I had a lot of conversations with them about it and eventually gave up trying to edjumacate their underpaid moronic techs. Since verizon figured out how to get FIOS to my house (no small technical feat) I switched to them... at least they are competent evil. Well, by comparison anyway.
Wow, my posts aren't usually this cynical.
Anyway, as far as the packet meddling: it's done by a Sandvine box. There's thousands of them nationwide. There's one wherever there's a CMTS (Cisco UBR or Arris Cadant router) That means there's one in your neighborhood.
You'll notice that no where in the article are penalties for Comcast mentioned. They do say that Congress is "considering clarifying" the FCC's power to "act on blocking complaints," but at this point there is nothing besides speculation of what that means, and absolutely no mention of punitive action on the current complaints.
Comcast could get off with a gentle scolding and a "we'll be watching you from now on" talk. That's at the strict end of the scale. They could also get nothing.
It's "fsck"
.
You picked up a lot of former AOL people and you wonder why your company sucks. AOL sucks. AOL has always sucked. It sucked when it was pretty much the only ISP a lot of people could get. It sucked when you tried to cancel and ended up cancelling your credit card instead because no matter what you did they wouldn't stop billing you. It sucked when you tried to make them refund you for the months where you should have been cancelled but they just kept on billing. It sucked when you finally gave up and disputed the charge with your credit card company.
Any company with those kind of ethics is about to produce a slew of unethical jackasses. And your company was dumb enough to hire them.
HAHHAHAH
HDGary secures my bank
Sure...that's what it CAN do. But its trivial to make a configuration that turns it into an indiscriminate P2P throttling machine. As a matter of fact, its EASIER to configure it that way than to take the time to check when and where to throttle.
Do not fold, spindle or mutilate.
The last time I heard, call center employees have an average of about 6 months of shelf life - w/ fewer than 10% surviving 2 years. When I did it, I was being paid dick to be yelled at for 8 hours a day & solve an average of 48 tech support calls a day. (3 minutes of mandatory script reading/user verification & 7 minutes to do a full phone diagnosis on why Bambi Bubbles & her 2 braincells can't get on line)

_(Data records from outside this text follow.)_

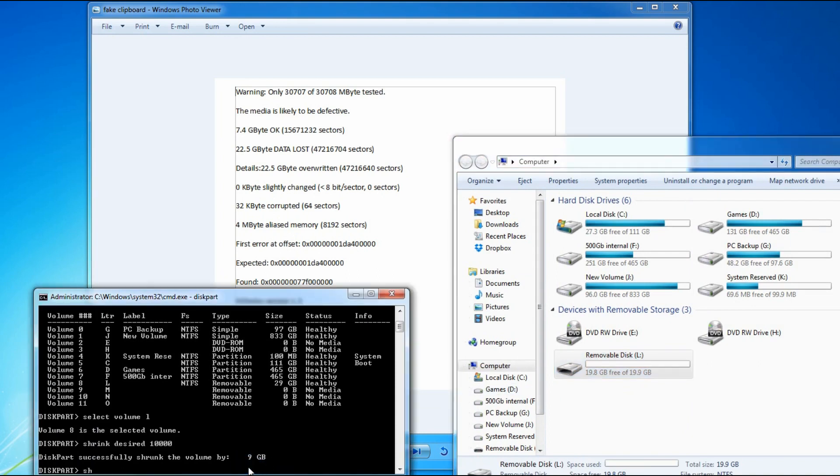Sorry, 10GB. The size I want to get to is, well, 7.4 is readable, so I'll just take it to just under that, 7.3.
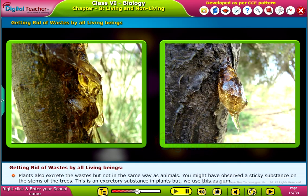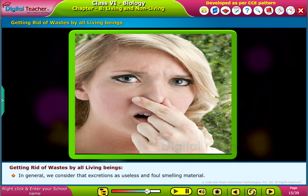Plants also excrete wastes but not in the same way as animals. You might have observed a sticky substance on the stems of the trees. This is an excretory substance in plants but we use this as gum. In general, we consider excretions as useless and foul-smelling material.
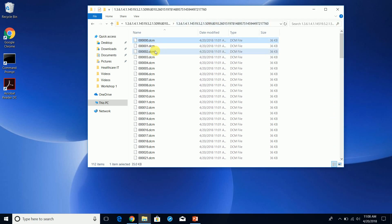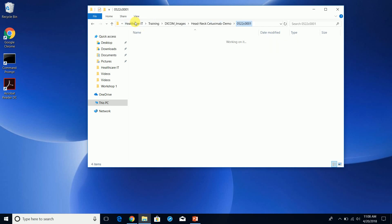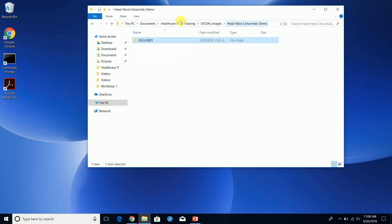Now you can see the actual images. This is a quick overview of how you can download test DICOM images. You can go back to the website and download additional studies as much as you want for testing. Next, we're going to be working with uploading these images into your DICOM server, and we'll also be playing around with these studies and images.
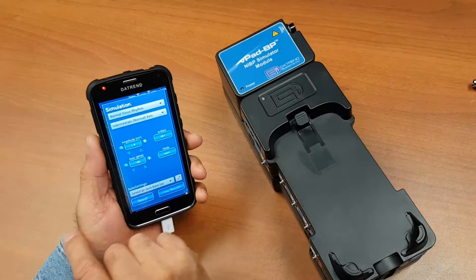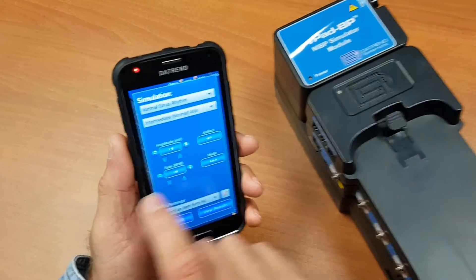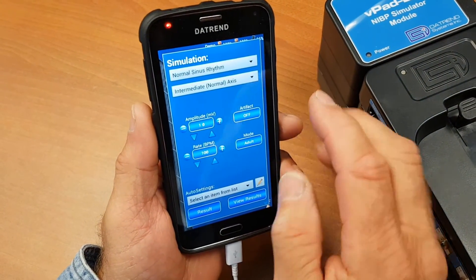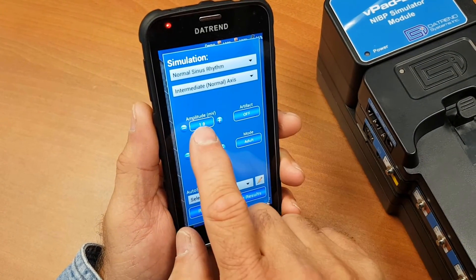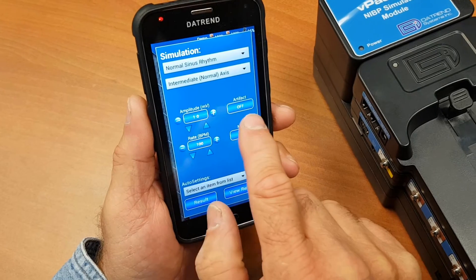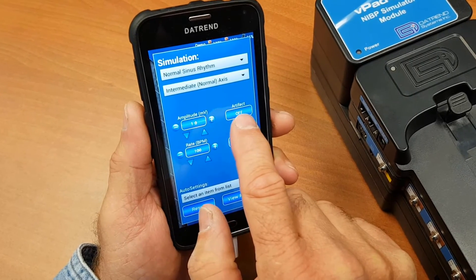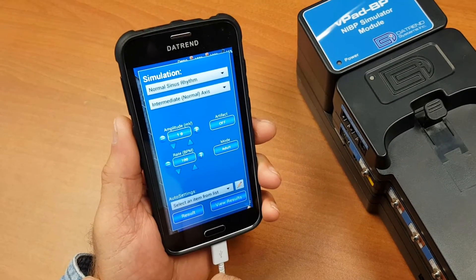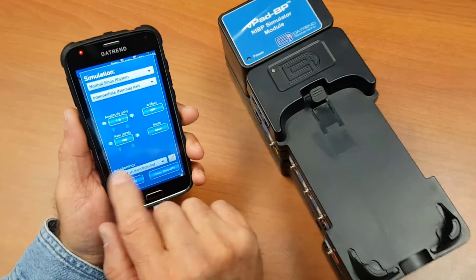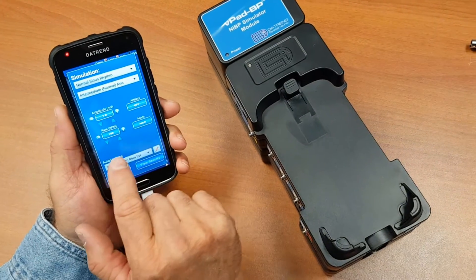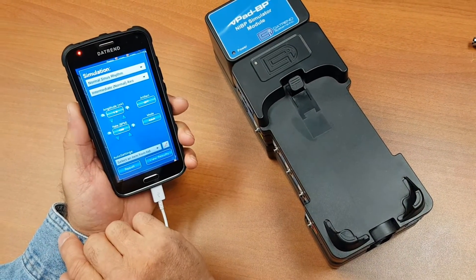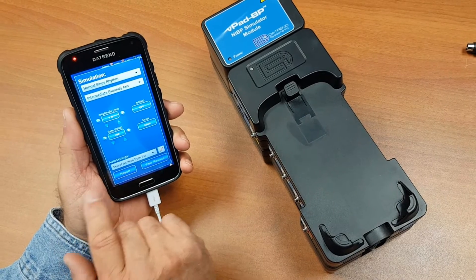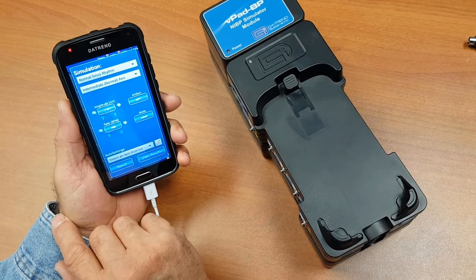If we go to normal sinus rhythm, you can adjust the axis, the amplitude, the rate, and artifacts, as well as whether you're in adult or neonatal mode. Once you've made a series of settings for this particular ECG simulation, you can then save them as an auto setting.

As tech support I got a total of 3 death threats & at least 1 threat of violence weekly. Anyone who has any hope in the tech world won't stay there longer than needed to find another job, which is why call centers are full of phone drones who can't do anything but read a script.
Why can't they do it the way Frame Relay's work. Give you a bandwidth that you are willing to pay for. Then anything over that Bandwidth is marked with DE. If the network get congested, anything marked DE is dropped. The only thing is the Comcast would have to stop overselling the bandwidth.
If you have VoIP through another company than Comcast but have Comcast as your internet, they will block that at times as well! Not only is this bad customer service, It's CENSORSHIP!